Drawing on the most recent discussions in the field, the tutorial will offer guidance on developing efficient processing pipelines, taking into consideration the computational resources available to researchers. Participants will gain practical knowledge through a combination of theoretical discussions and hands-on case studies. The session will feature Jupyter notebooks and an open-source software interface to demonstrate project implementation, including text preparation, annotation, fine tuning, inference. Additionally, attendees will receive reusable scripts to facilitate replication and adaptation in their own research projects.

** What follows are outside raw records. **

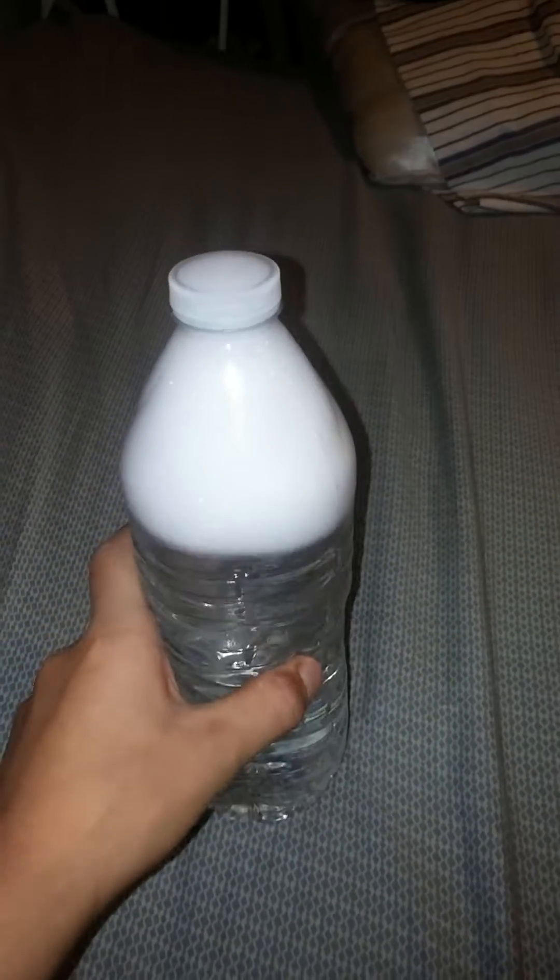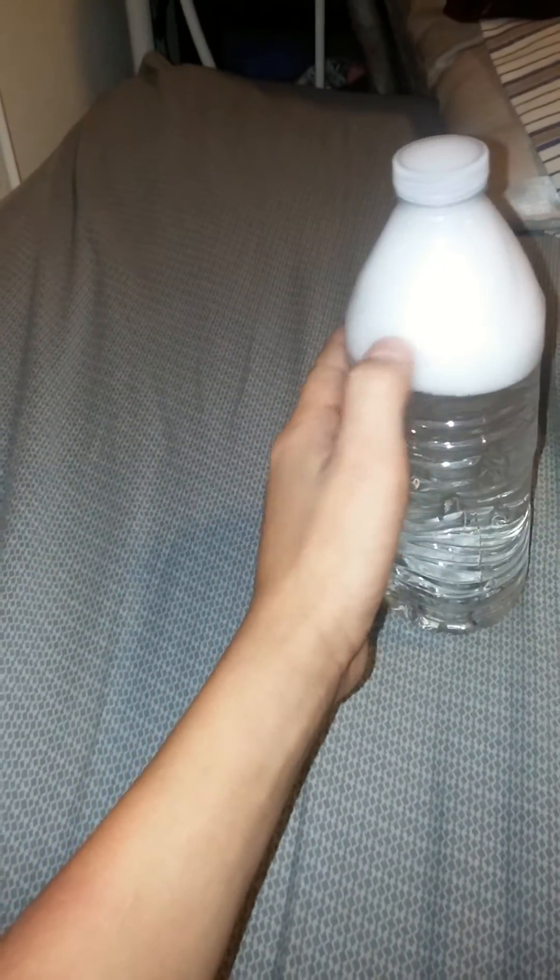Drink up your water, fill it up with your sink water, your tap water, and fill it up to like right here. Then start putting soap in, shut it really tightly, and start shaking it. Okay, let me use my other arm.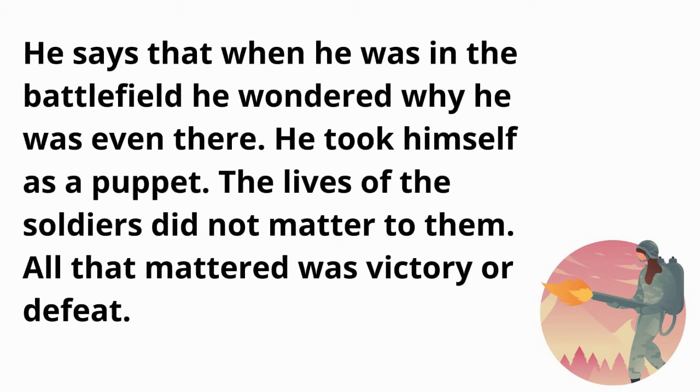As John turned away, his mother was still in shock. Calling his mother to his side, he dropped the medals he had won into her hands. The poem ends on a very depressing note — it was the most valuable gift of a broken son to his devastated mother.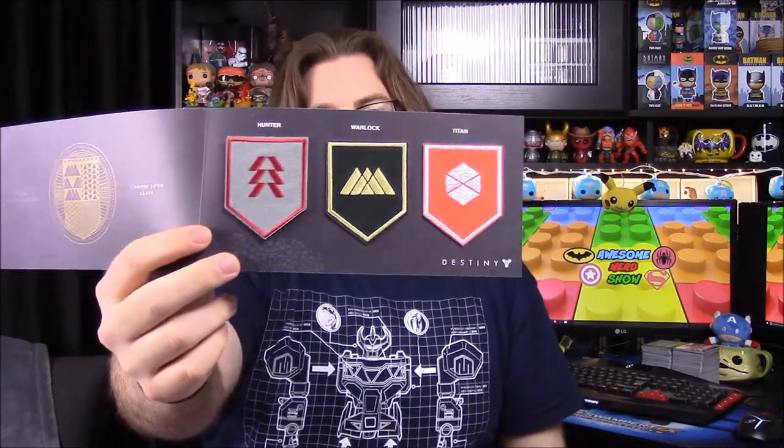Next up we have something from Destiny — it's a patch set. I'm wondering if it'll be the three class logos, and it looks like we do have the Hunter, the Warlock, and the Titan. He is obsessed with Destiny, it drives me crazy, but he knows all about this and will love it. Happy birthday!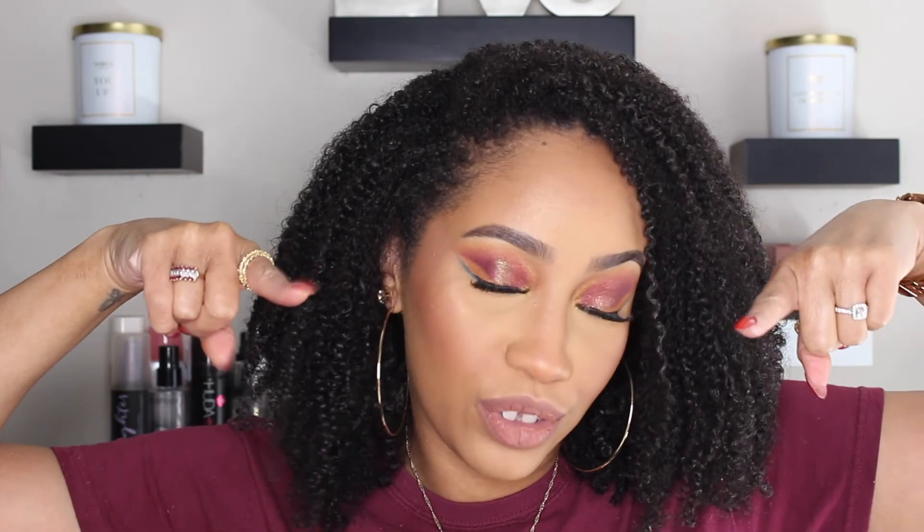As usual, everything that's on my face and all of the looks are going to be in the description box below if you're curious. That about does it for me guys — hopefully this video was helpful, fun to watch, and entertaining. If so please give me a thumbs up, like, comment, and subscribe if the mood suits you, and I will see you guys in the next one.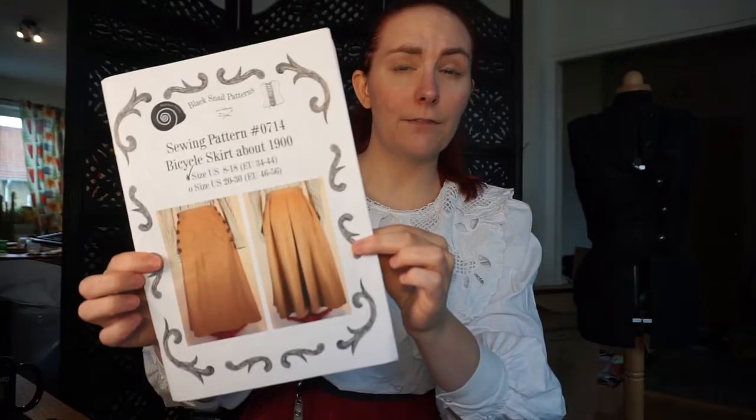G'day ladies and gentlemen! I'm Totally the Toad and I'm back with another video! Today we're gonna continue on my endeavor to make a 1890s-ish wardrobe and we're gonna start making the skirt. I have chosen this lovely pattern by Black Snail's pattern. It is in fact a bicycle skirt from the 1900s, so it is a bit later than 1890, but it's just so gosh darn lovely, so I still wanted to do it. I do have plans of making an actual bustle skirt at some point, but they will have to wait until spring when I have better funding to do that.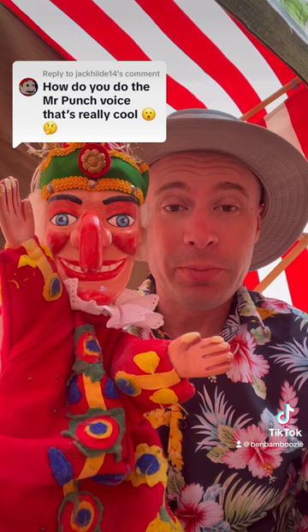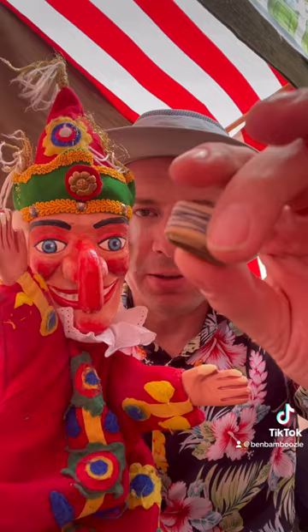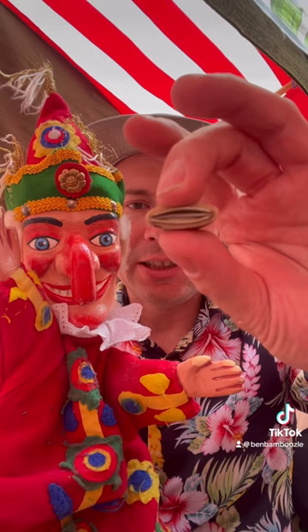Thank you for your questions. So this is how I do Mr. Punch's voice. It actually uses one of these things which is called a swazzle, and it's two metal plates with a piece of tape that goes through the middle. It's like a cotton tape that you use in sewing.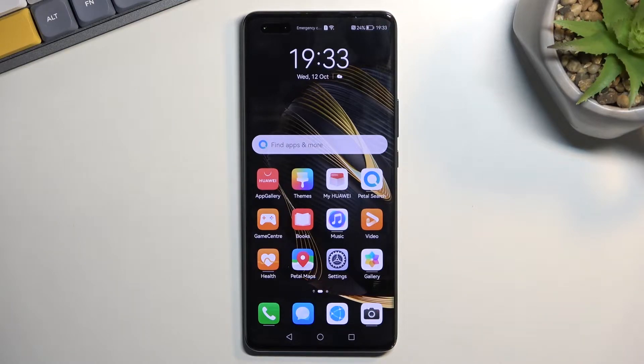Welcome. This is a Huawei Nova 10 Pro and today I'll show you how you can wipe cache partition on this phone.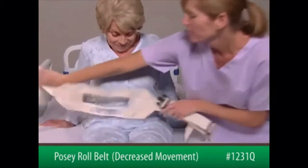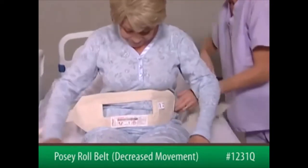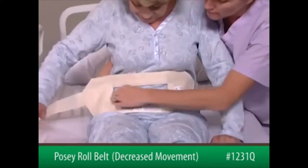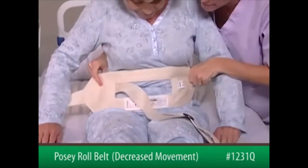Next, wrap the belt around the patient's waist with the belt slot centered in the front and the label to the outside. Bring the long strap over, around the patient's waist, and in front of the patient through the slot in the front pad.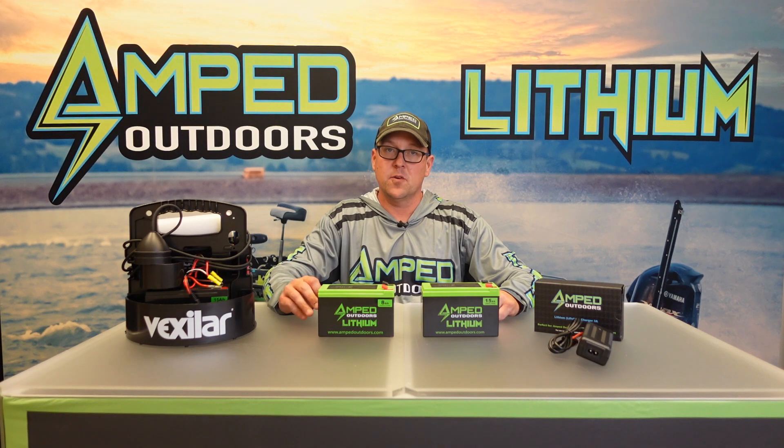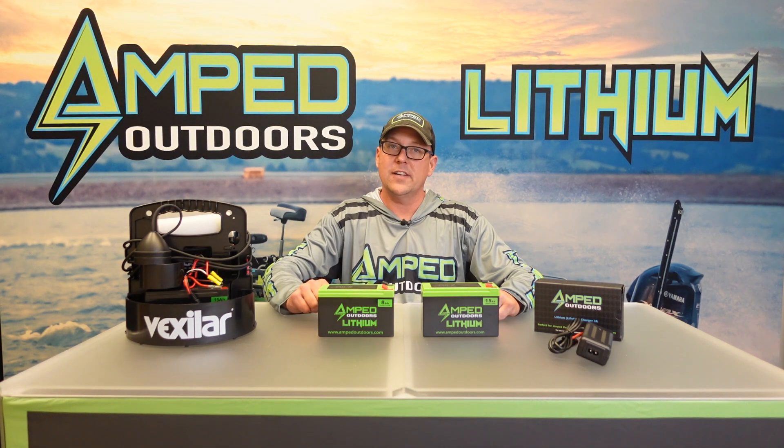Hello everyone, this is Matt with Amped Outdoors. In this video we're going to show you our small form factor lithium iron phosphate batteries. These are most commonly used for your smaller electronics in open water as well as your smaller ice fishing electronics.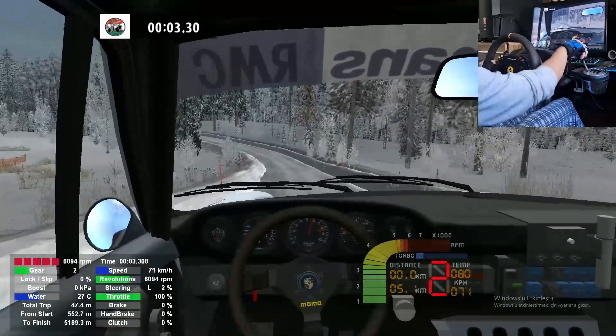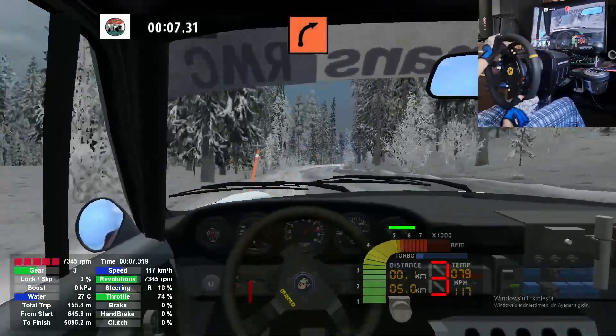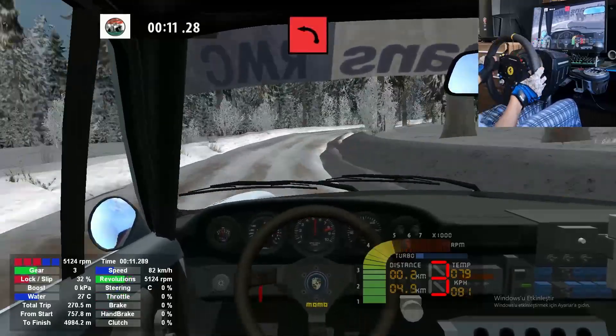Key left, long, 70. Key right, long. And keep middle, over crest 70, 90, left.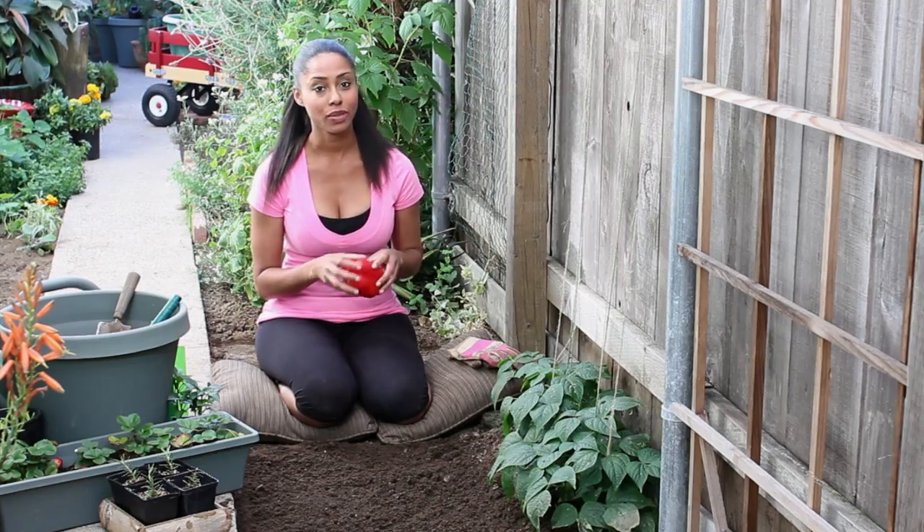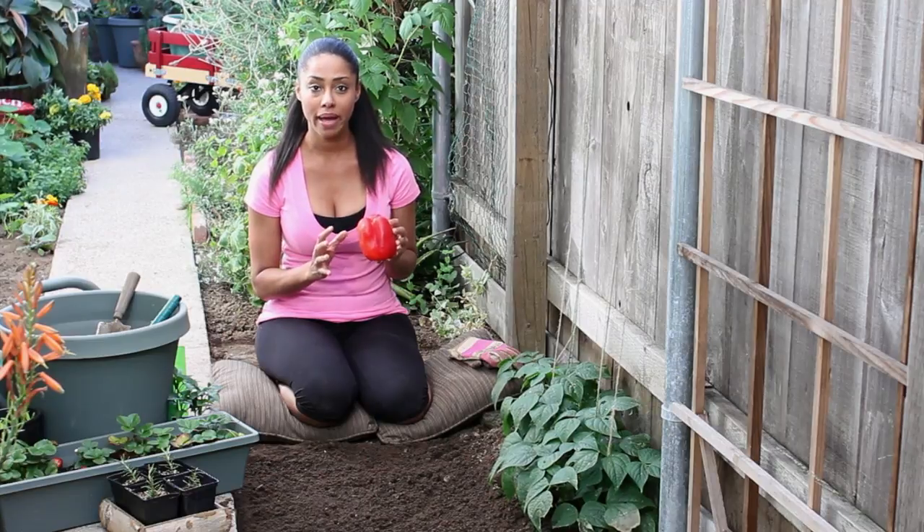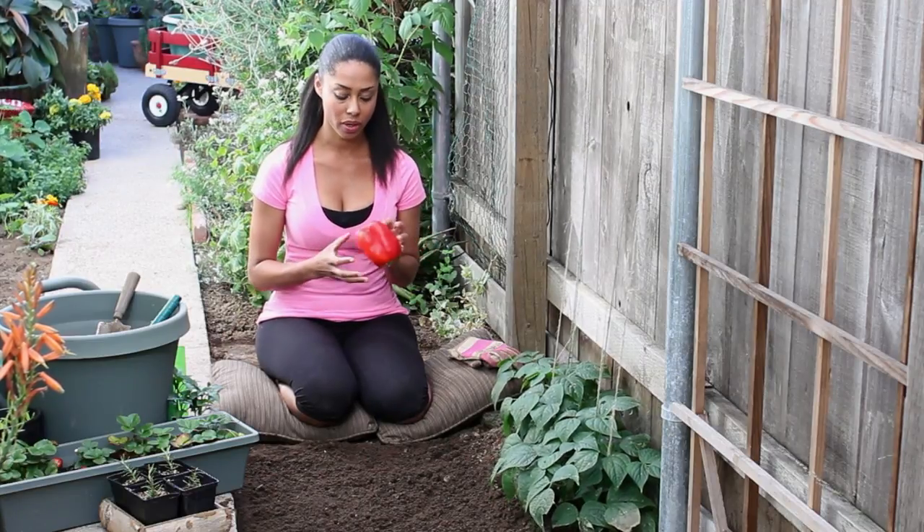Hi, I'm farm-to-table chef Tekka Thompson at TekkaThompson.com, and today we're talking about how to tell if a bell pepper has gone bad. I don't have a bad one today to example, but I have a good one, and I'm going to tell you all the things that are in a good bell pepper and then you'll be able to differentiate going forward.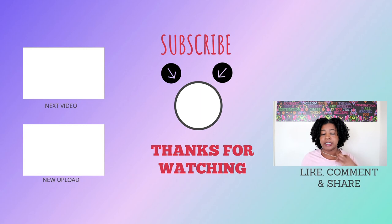Let me know in the comments below what you guys think of my first flexi rod set, whether I did a good job or not, and if you have any tips or suggestions for next time. Don't forget to like, comment, share and subscribe, and I'll see you in my next video — bye guys!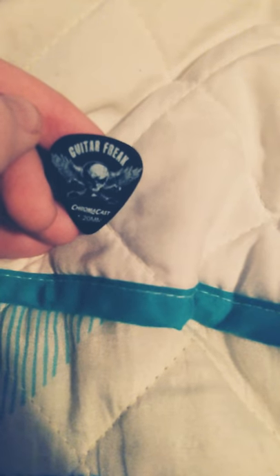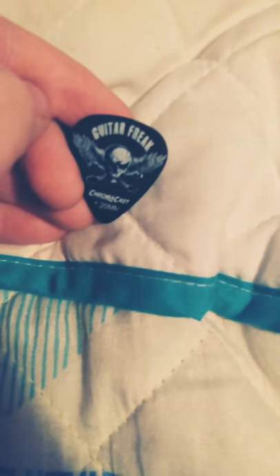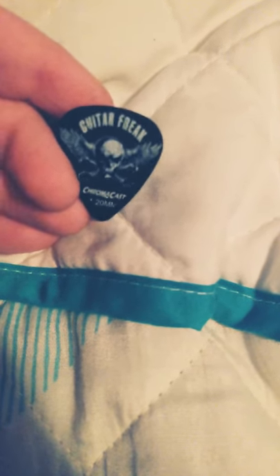What I would recommend is something like this — you can probably get these off eBay. It says 'Guitar Freaks' on it. I highly recommend this one because these are thick, you can't bend them, they're made of plastic. Unlike that other one which feels like paper. This one gives your guitar strings a louder sound and it's thicker.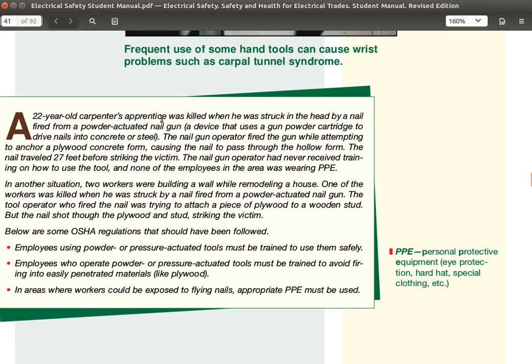A 22-year-old carpenter's apprentice was killed when he was struck in the head by a nail fired from a powder-actuated nail gun — a device that uses a gunpowder cartridge to drive nails into concrete or steel. The nail gun operator fired the gun while attempting to anchor a plywood concrete form, causing the nail to pass through the hollow form and travel 27 feet before striking the victim. The nail gun operator had never received training on how to use the tool, and none of the employees in the area were wearing PPE.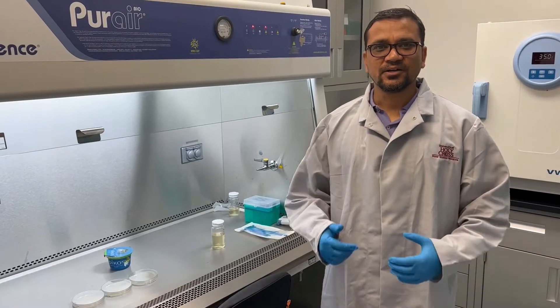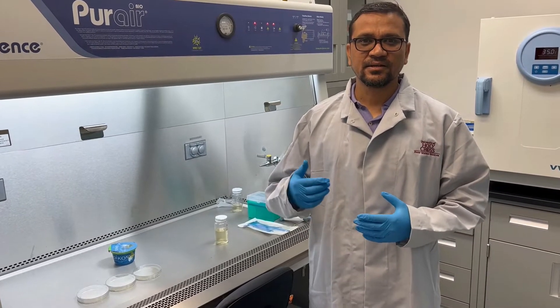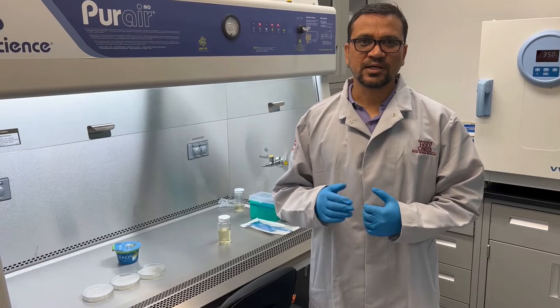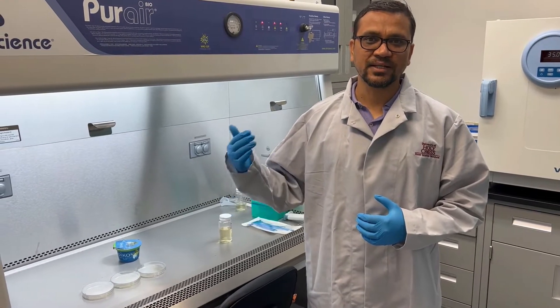As you know, the yogurt sample is very thick and contains different components, so even in one gram of sample we need to dilute the yogurt sample before plating it.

Beyond technical considerations, the tutorial will address the computational and annotation requirements associated with LLMs, as well as the environmental costs of different models. By integrating theoretical insights with practical implementation strategies, the session aims to delineate what is currently achievable with LLMs, what challenges persist, and what remains speculative.
As a follow-up to a previous IC2S2 tutorial (2023), this session has been updated to reflect recent advancements. It will cater to both advanced and less advanced programmers, helping researchers choose the most suitable approach for their work.